Sir Isaac is only one of many examples of British colonial honours eagerly sought and pompously displayed by many supposedly — and hypocritically — anti-colonial Caribbean elites, including the top members of the Caribbean Court of Justice (CCJ) that the Judicial Committee of the Privy Council (JCPC) it is meant to replace.

This colonial honour system has a long history. Decades before the establishment of the CCJ, many Caribbean heads of government gladly and proudly accepted knighthoods from their royal sovereign while mightily and hypocritically lobbying for independence from Great Britain. These included: Sir Eric Gairy (Grenada); Sir Eric Williams (Trinidad/Tobago); Sir Alexander Bustamante (Jamaica); Sir Grantley Adams (Barbados); Sir Erskine Sandiford (Barbados); and Sir Ronald Symonette (Bahamas).

Since achieving independence, many Caribbean countries have continued to nominate their citizens, nearly all them politicians or ceremonial heads of state, for royal honours. In St. Vincent and the Grenadines (SVG), for example, five of the six governors general and one of four prime ministers since 1979 were awarded knighthoods. Most recently, the current Prime Minister of SVG, Ralph Gonsalves, a man who in 2009 unsuccessfully tried to transform his nation from a constitutional monarchy into a republic with a president as head of state, thereby forever ending the granting of foreign titles, nevertheless secured knighthoods for two of his closest political allies.

Meanwhile, several Commonwealth of Nations countries that were former colonies of Great Britain have either long abolished the acceptance of such debased relics of colonialism or prohibited their public recognition. For example, Canada which obtained independence in 1867 began annulling the awarding of knighthoods in 1917, completing the process in 1935.

The last Canadian Prime Minister to be knighted was Sir Robin Borden (1915); by way of comparison, in 1985 SVG’s Sir James Mitchell was named to the larger British Privy Council from which its judicial committee Law Lords are selected, and secured an allegedly self-nominated knighthood 10 years later as the latest Caribbean Prime Minister to be so honoured.

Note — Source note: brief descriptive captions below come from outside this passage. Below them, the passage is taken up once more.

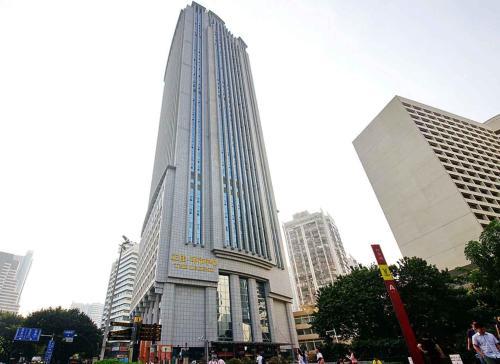 Waifiden Grand Easter International Apartment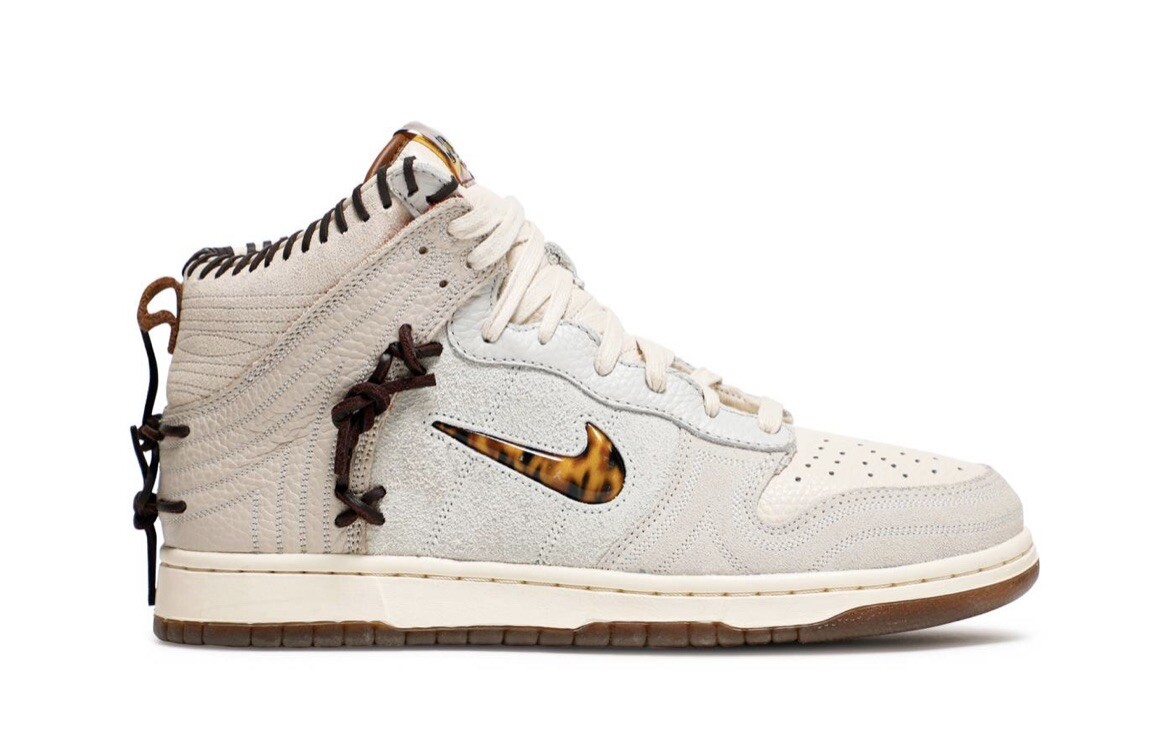 【594】NIKE DUNK HIGH × BODEGA 新品　BOX付 BODEGA X DUNK HIGH 'FRIENDS & FAMILY' 8.5 Mens Damaged Box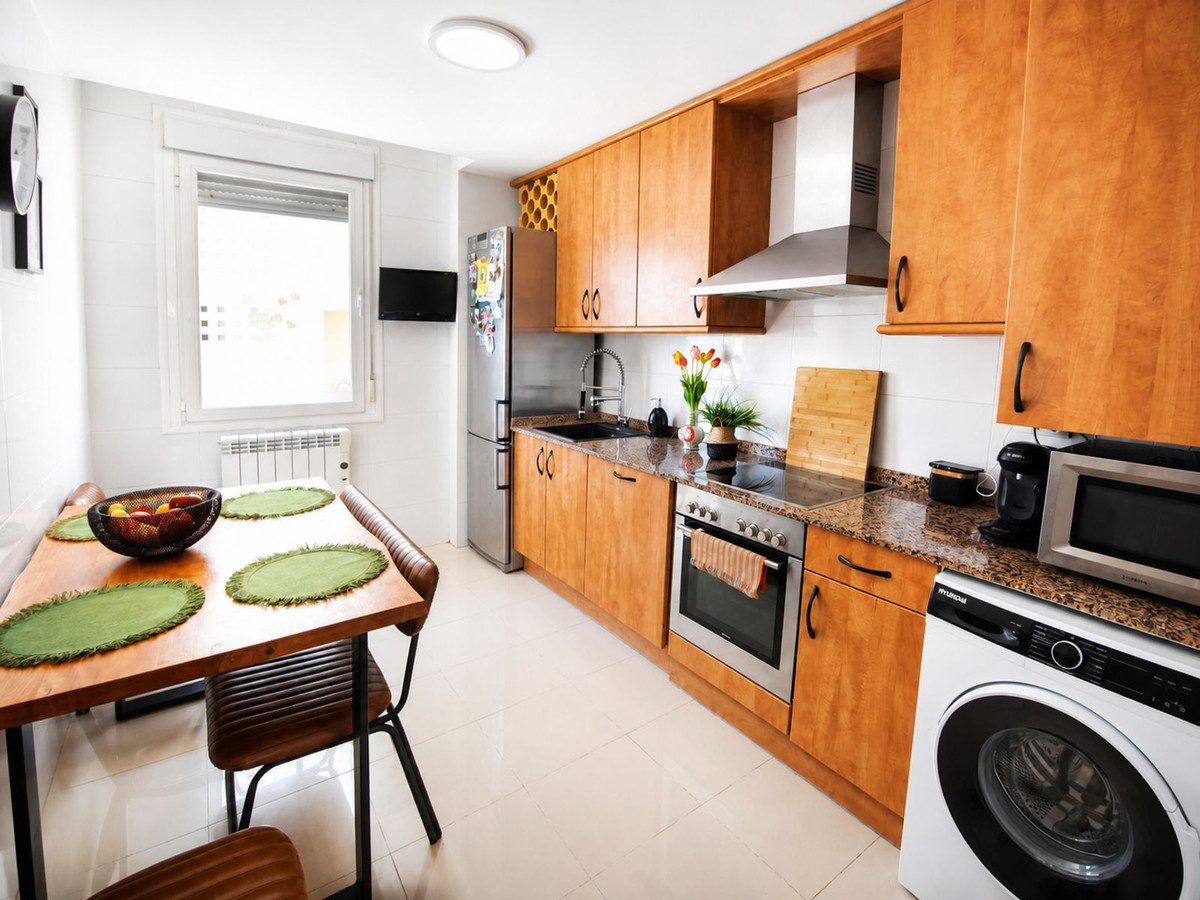 2 Bed Apartment for sale in La Duquesa Costa Del Sol, Málaga, Spain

To paraphrase Adrian Saunders the current (and third) President of the CCJ:

The disestablishment of honorary British titles is a very important milestone in the orderly de-linking from imperial and colonial control. It is the next logical step in the de-colonisation process and until it is taken, we cannot be said to have completely rid ourselves of vestiges of our colonial experience.

Sir Ronald Sanders, Antigua and Barbuda’s pompously titled “Ambassador Extraordinary and Plenipotentiary to the United States and to the Organization of American States,” was knighted by the Queen in 2002, a year after the founding of the CCJ, seemingly indifferent to the contradiction between this honour and his relentless decolonization efforts, especially his strident appeals for the majority CARICOM holdouts to jump aboard the tiny and rickety CCJ bandwagon.

Sir Ronald, a man who parades his knighthood — “A crucial fixture of the architecture of racism and oppression in British colonies,” if there ever was one – as if it were actually a badge of honour rather than a retrograde colonial affectation, has just implied that contemporary British laws and British courts, including the JCPC, are hardly different from the ancestral courts that, “… upheld and maintained slavery as legal, morally acceptable, and wholly justifiable.”

Not only is it historically, logically, and morally inaccurate to infer that the British courts of 1818 were no different than those of 2018, it is a racial slur for a hyper-privileged white member of the Caribbean elite to say that those West Indian people, most of them the black descendants of slaves, are guilty of “self-contempt” for failing to support a court they do not trust, do not want, and do not need. If anything, this is just another illustration of the chronic elite contempt for the masses.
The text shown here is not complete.